22 アッシリヤの君主たちは、剣で殺されたアッシリヤの全民衆の墓に囲まれている。

23 それらの墓は地獄の奥深くにあり、回りには同盟国の墓がある。かつて人々に恐れられた勇士たちも、みな敵の手にかかって死んでしまった。

24 エラムの大王たちも、その民とともにそこに横たわっている。生前、彼らは国々をさんざん荒らし回った。しかし今では、落ちぶれて地獄に横たわっている。その終わりは、普通の人間と少しも変わらない。

25 殺された全民衆の墓の間に眠るだけだ。生きている時は国々に恐れられていたのに、今は剣に倒れ、その恥を地獄にさらしている。

26 メシェクとトバルの君主たちも、兵士たちの墓に囲まれてそこにいる。みな偶像礼拝者で、かつては人々を恐れさせた者だったのに、今は死んで横たわっている。

27 昔の君主たちは、その武具をわきに置き、剣を枕とし、盾で体を覆うようにして、大きな栄誉を受けて埋葬された。だが彼らは、共同墓地に埋められただけだ。生前は人々に恐れられていたのに、

28 今は打ち砕かれて、偶像礼拝者や剣で殺された者とともに横たわっている。

29 そこには、エドムとその王たち、そのすべての族長たちがいる。かつては勇者だった彼らも、剣で殺された者や地獄に落ちた偶像礼拝者とともに横たわっている。
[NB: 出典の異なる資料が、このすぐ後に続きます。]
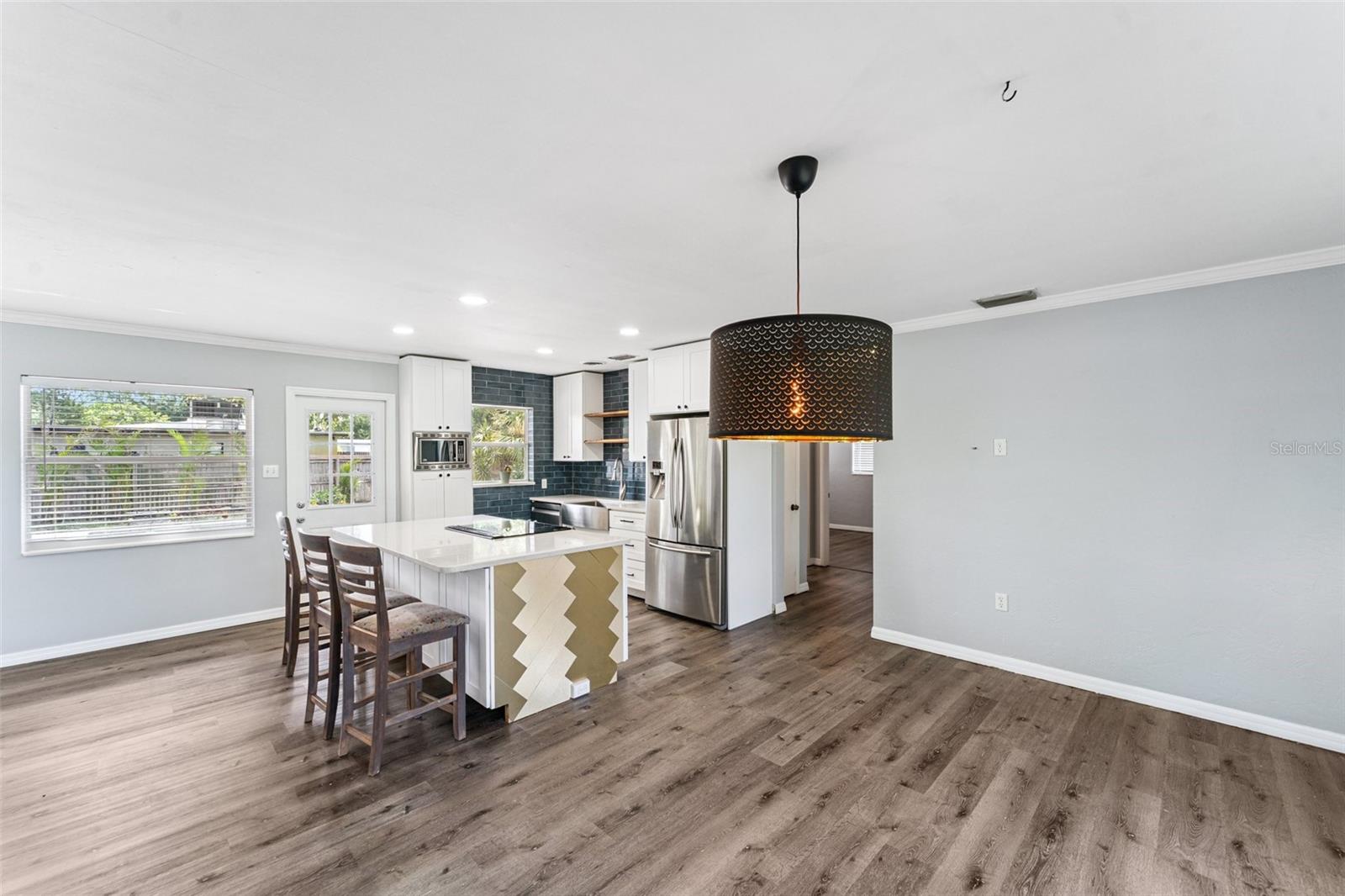 Image 6 of 26 For 2153 75th Way N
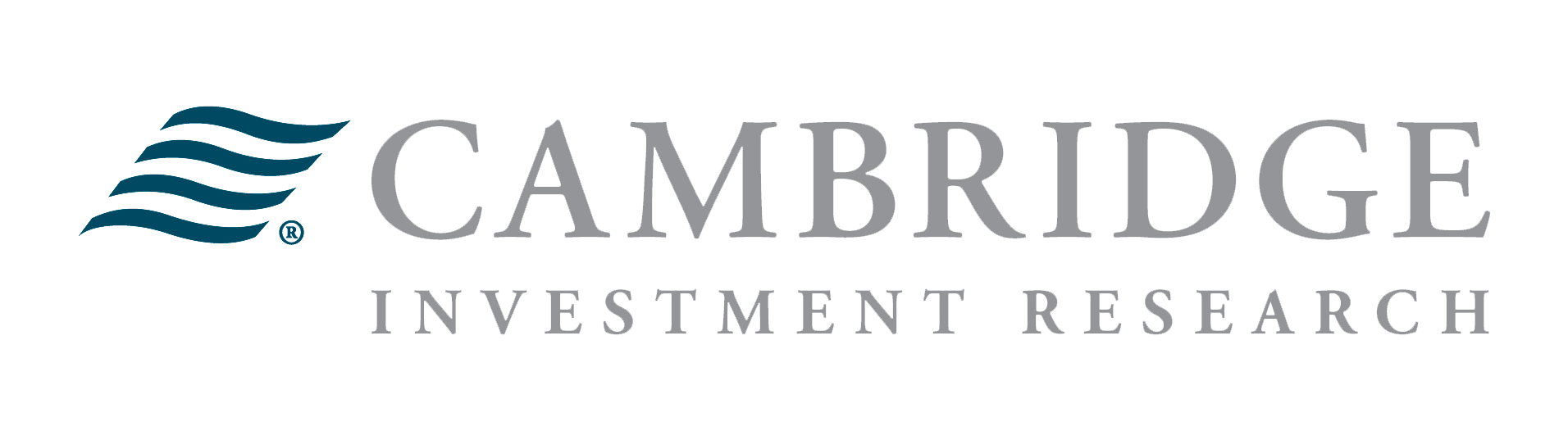 Caimbridge Investment Research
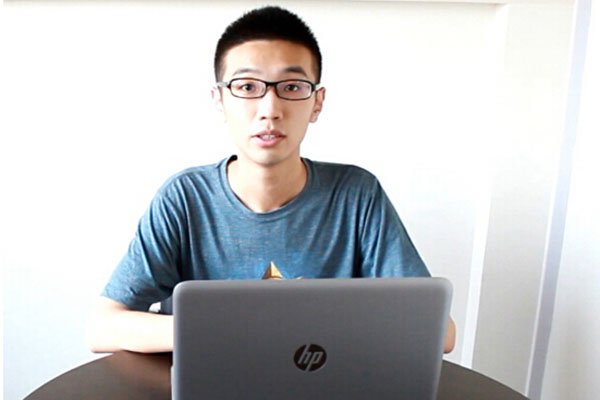 少帮主个人资料简介 情感动态:少帮主韩潇结婚了吗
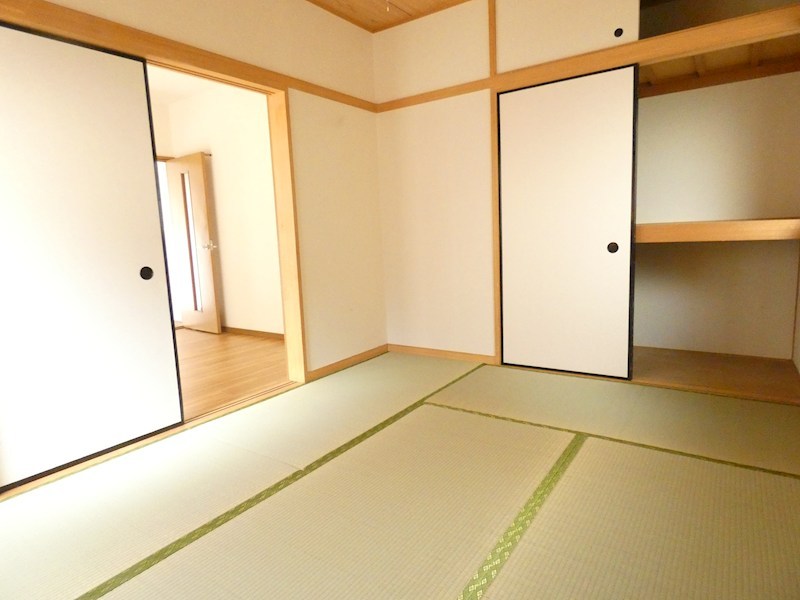 カーサドリーム その他4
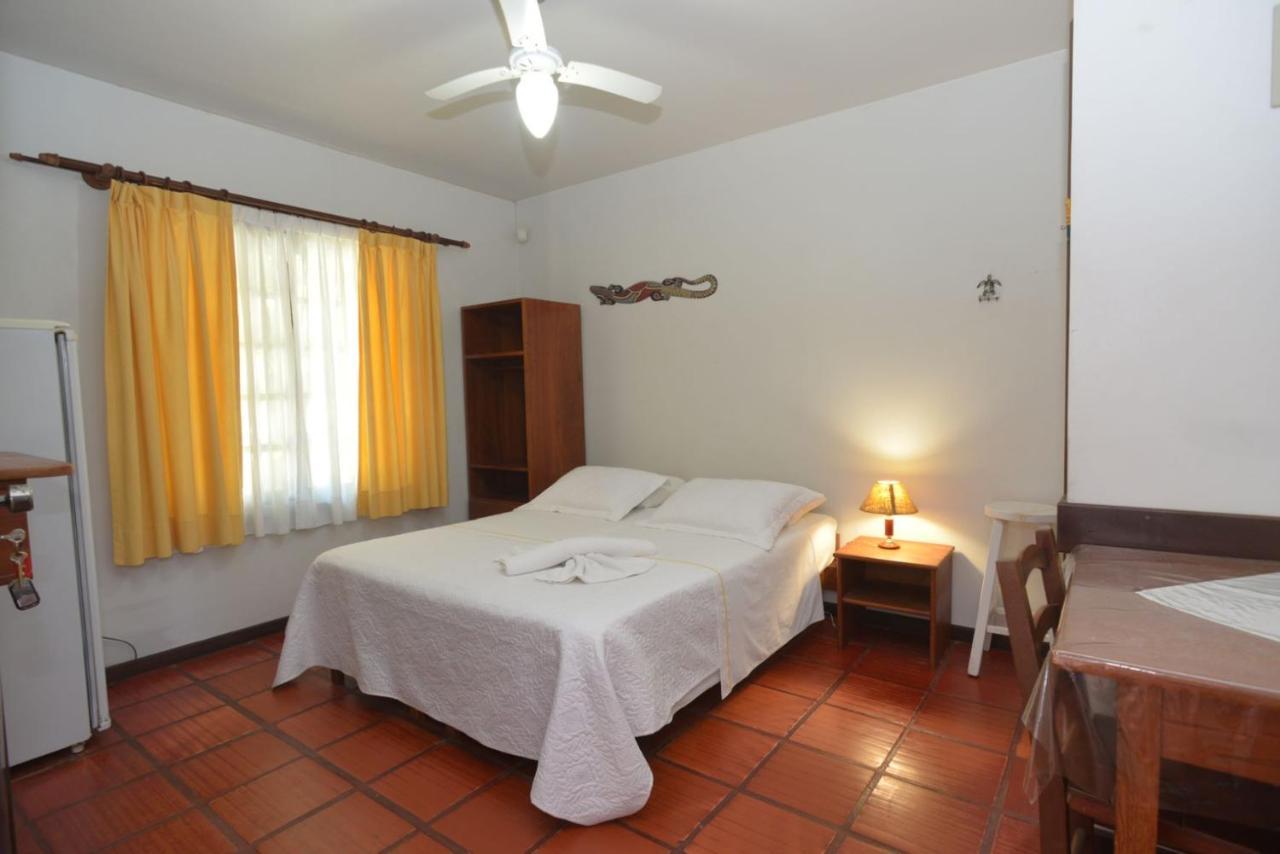 Apartament Bahia Do Sonho Bombinhas Zewnętrze zdjęcie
30 そこには、殺された北の国々の君主たちやシドン人もいる。かつて恐れられていた彼らも、今は恥をさらして横たわっている。殺されて地獄の穴に落ちた者とともに、同じ屈辱を味わっているのだ。」

31 神である主はこう語ります。「エジプトの王はそこに来ると、殺された配下の兵士たちもいるのを見て、胸をなでおろす。

32 わたしは生きている者すべてを、恐怖のどん底に突き落とす。エジプトの王とその軍勢は、剣で殺された偶像礼拝者とともに横たわる。」